# Problem description:
Write out exactly the lines of the entries below from the one holding "1154 Eisenhower Dr - Photo 6 of 39" to the one holding "Астанчанина арестовали на", inclusive, and leave out all other lines.

# Provided data:
::::

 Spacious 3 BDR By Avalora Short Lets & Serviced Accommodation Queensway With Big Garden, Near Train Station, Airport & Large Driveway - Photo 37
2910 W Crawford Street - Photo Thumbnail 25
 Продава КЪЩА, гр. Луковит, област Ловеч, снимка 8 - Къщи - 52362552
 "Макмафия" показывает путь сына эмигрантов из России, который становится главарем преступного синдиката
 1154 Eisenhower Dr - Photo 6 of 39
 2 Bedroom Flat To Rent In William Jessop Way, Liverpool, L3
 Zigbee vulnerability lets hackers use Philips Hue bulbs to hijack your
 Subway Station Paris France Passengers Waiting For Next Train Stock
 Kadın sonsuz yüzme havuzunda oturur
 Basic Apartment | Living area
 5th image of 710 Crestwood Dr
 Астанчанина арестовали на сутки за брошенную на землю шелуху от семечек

::::

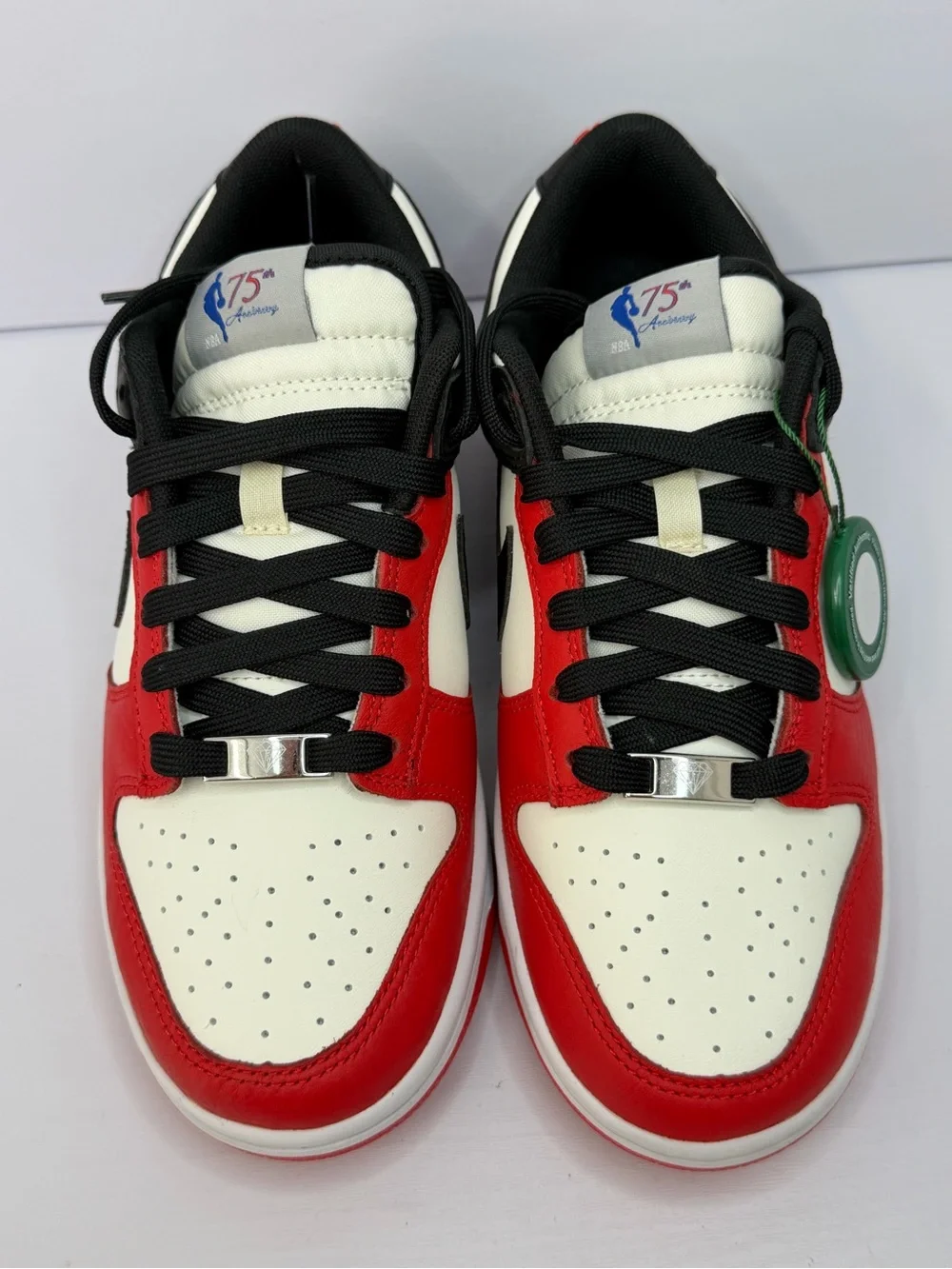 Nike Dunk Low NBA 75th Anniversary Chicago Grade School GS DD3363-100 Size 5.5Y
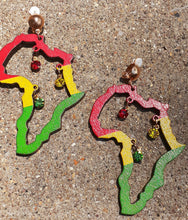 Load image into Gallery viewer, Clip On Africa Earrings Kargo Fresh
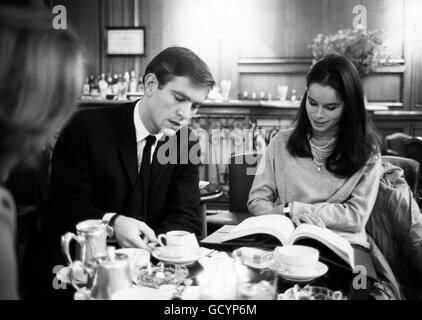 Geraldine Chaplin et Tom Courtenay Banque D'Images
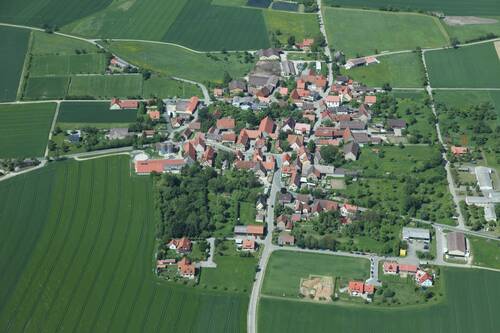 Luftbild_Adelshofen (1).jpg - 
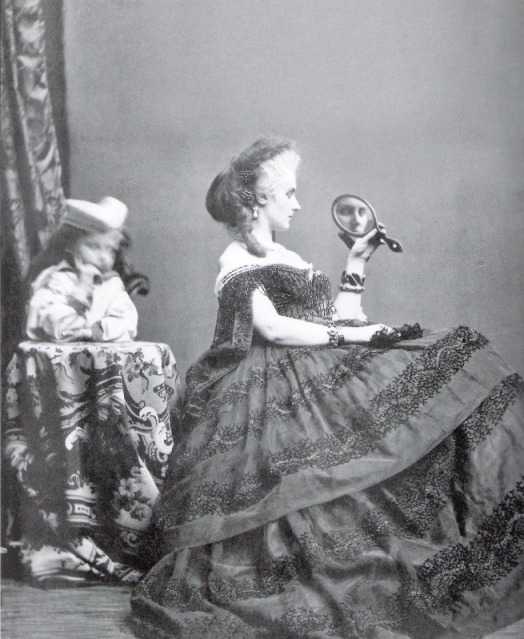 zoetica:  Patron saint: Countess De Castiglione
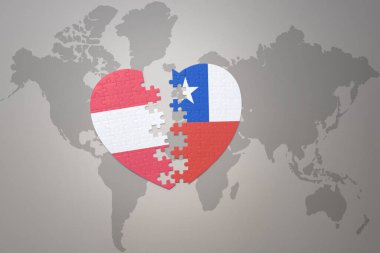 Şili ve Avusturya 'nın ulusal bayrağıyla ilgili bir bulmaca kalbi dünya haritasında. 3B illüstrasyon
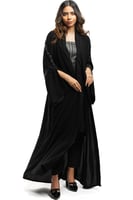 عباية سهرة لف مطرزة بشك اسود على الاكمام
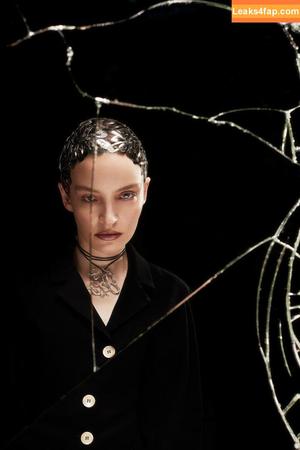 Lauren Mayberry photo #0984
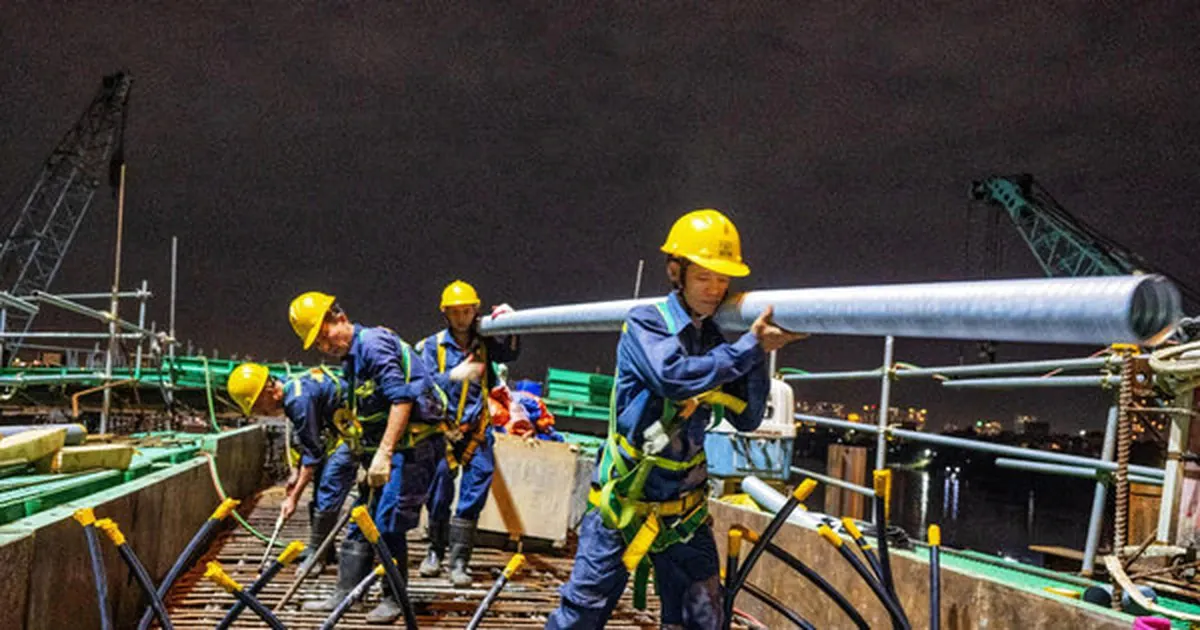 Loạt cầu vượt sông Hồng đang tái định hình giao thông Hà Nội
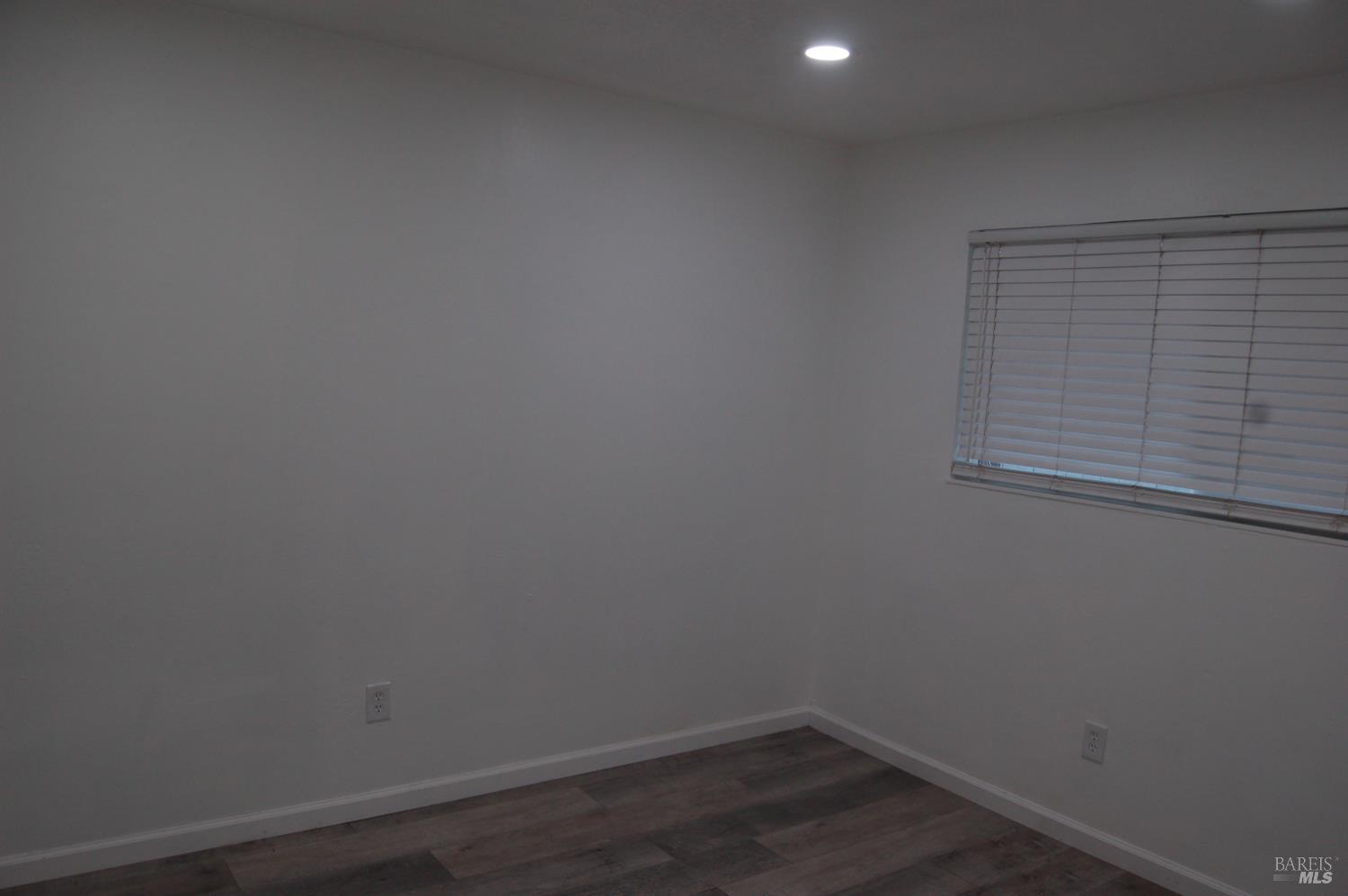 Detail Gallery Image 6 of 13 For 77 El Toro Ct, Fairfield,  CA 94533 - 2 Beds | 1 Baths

::::

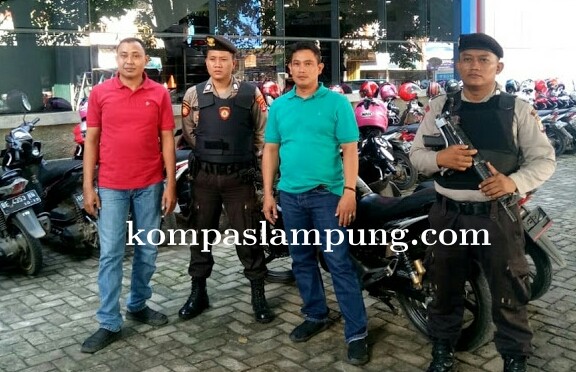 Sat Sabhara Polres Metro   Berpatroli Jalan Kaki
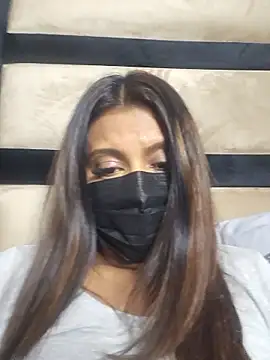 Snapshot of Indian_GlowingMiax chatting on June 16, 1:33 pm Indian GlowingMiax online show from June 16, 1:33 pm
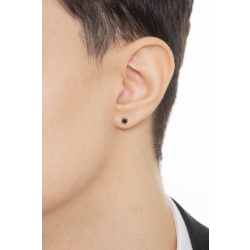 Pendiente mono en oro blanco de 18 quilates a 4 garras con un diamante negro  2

::::

# Reply to the task:
 1154 Eisenhower Dr - Photo 6 of 39
 2 Bedroom Flat To Rent In William Jessop Way, Liverpool, L3
 Zigbee vulnerability lets hackers use Philips Hue bulbs to hijack your
 Subway Station Paris France Passengers Waiting For Next Train Stock
 Kadın sonsuz yüzme havuzunda oturur
 Basic Apartment | Living area
 5th image of 710 Crestwood Dr
 Астанчанина арестовали на сутки за брошенную на землю шелуху от семечек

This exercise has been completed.